BEGIN EXCERPTED DATA

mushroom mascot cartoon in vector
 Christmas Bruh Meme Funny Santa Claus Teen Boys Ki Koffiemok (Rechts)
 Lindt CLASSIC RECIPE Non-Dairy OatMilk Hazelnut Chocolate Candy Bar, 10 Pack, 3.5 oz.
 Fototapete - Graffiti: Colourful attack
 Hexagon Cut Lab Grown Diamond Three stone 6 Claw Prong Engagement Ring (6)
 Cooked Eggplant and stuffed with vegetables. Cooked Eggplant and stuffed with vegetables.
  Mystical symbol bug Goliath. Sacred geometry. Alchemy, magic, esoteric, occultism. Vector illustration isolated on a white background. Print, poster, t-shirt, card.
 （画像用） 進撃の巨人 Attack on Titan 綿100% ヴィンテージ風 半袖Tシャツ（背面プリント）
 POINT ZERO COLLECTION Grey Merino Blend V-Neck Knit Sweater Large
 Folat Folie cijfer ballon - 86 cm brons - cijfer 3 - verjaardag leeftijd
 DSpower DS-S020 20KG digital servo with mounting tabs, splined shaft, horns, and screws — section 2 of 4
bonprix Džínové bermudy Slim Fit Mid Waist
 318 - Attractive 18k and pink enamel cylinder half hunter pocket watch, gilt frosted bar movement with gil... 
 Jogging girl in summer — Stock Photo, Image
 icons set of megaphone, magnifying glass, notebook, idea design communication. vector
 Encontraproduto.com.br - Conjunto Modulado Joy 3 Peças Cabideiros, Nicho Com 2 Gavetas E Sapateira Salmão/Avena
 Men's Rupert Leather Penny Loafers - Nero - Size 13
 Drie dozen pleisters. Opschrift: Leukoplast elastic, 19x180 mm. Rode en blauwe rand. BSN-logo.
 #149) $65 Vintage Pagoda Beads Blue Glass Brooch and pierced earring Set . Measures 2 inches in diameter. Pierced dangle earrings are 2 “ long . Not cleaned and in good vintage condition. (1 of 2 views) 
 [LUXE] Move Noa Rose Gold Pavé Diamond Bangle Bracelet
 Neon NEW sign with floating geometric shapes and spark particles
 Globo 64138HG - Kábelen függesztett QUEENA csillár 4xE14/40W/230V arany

END EXCERPTED DATA

▶ WHAT TO PRODUCE:
Scan the entries above for the string "Diamond" and copy each line that contains it.

▶ FINISHED EXERCISE:
 Hexagon Cut Lab Grown Diamond Three stone 6 Claw Prong Engagement Ring (6)
 [LUXE] Move Noa Rose Gold Pavé Diamond Bangle Bracelet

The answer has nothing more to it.